Politik : Rinderwahnsinn: Test-Verfahren

Adelheid Müller-Lissner

Wird es bald einen BSE-Test für lebende und jüngere Tiere geben? Hoffnungen darauf machen seit Sonntag Mitteilungen der Firma Vetmedica, einer vor allem auf Impfstoffe für Tiere spezialisierten Tochter des Pharmaunternehmens Boehringer Ingelheim. Man sei mit der Entwicklung eines Bluttests beschäftigt, der eventuell schon im Spätsommer 2001 auf den Markt kommen könne, sagte Geschäftsführer Dietrich Janott. Eine Blutprobe des zu testenden Tieres wird dafür mit spezifischen Antikörpern in Kontakt gebracht. Diese Stoffe sind eine Antwort des Immunsystems eines mit dem Erreger infizierten Tieres. Um zu erkennen, ob sie im Test-Tier auf Prionen treffen und mit ihnen reagieren, werden sie mit einem Leuchtstoff markiert.

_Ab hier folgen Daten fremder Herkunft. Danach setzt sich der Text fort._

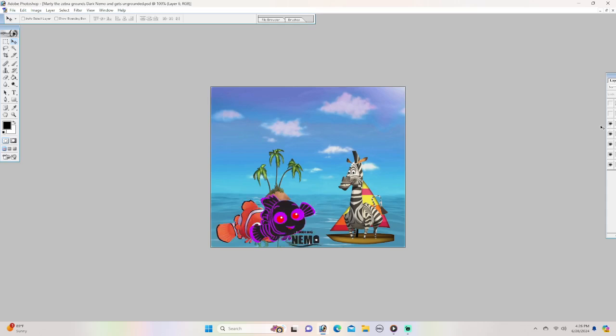There he is, normal Nemo. Marty just grounded me for no reason. And you deserve it, especially for all of the troubles you've caused over the years. Go swim to your room before I kick your butt.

Dass sich die krankhaft veränderten Prionen auch im Blut befinden, ist schon seit einiger Zeit bekannt. Um sie dort nachweisen zu können, braucht man jedoch besonders empfindliche Verfahren. Nach Einschätzung von Kerstin Borchers vom Institut für Virologie der FU-Veterinärmedizin ist die Nachricht vom kommenden Bluttest deshalb sehr positiv, weil offensichtlich neue Verfahren zur Produktion von Antikörpern und zur Anreicherung des Bluts entwickelt wurden.

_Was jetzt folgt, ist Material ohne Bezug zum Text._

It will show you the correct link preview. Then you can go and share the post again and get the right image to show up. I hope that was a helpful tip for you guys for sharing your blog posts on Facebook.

Erstaunlich ist für Branchenkenner allerdings, dass eine Firma den neuen Test ankündigt, die bisher nicht als Spezialistin für Prionen-Nachweise hervortrat. Wie Arturo Donetti, Leiter der Abteilung Forschung und Entwicklung bei Vetmedica, sagte, arbeitet man mit einer externen Institution zusammen. Denn Arbeitsgruppen aus der Schweiz und aus Frankreich, die zuvor bereits Gewebe-Tests entwickelt hatten, arbeiten schon seit geraumer Zeit daran. Zudem stellen sich, wie Kerstin Borchers betonte, neue Fragen: "Was sagt der Nachweis veränderter Prionen genau aus? Sind alle positiv getesteten Tiere krank und ansteckend? Brauchen wir Grenzwerte?" Dass mit dem Bluttest die erste Möglichkeit zur Entdeckung von BSE beim lebenden Tier am Horizont erscheint, ist außerdem nicht ganz zutreffend: Schon seit einiger Zeit existiert ein Test, mit dem in der Gehirnflüssigkeit ein Protein nachgewiesen werden kann, das sich unter dem Einfluss der Prionen bildet. Roland Werk, Leiter des in Würzburg ansässigen Babende-Instituts für medizinisch-mikrobiologische Forschung, schätzt diesen Liquor-Test prinzipiell als "sehr gut" ein. Unter anderem steht allerdings der hohe Aufwand bei der Probengewinnung vom Tier heute noch einer breiten Einführung des Verfahrens im Weg.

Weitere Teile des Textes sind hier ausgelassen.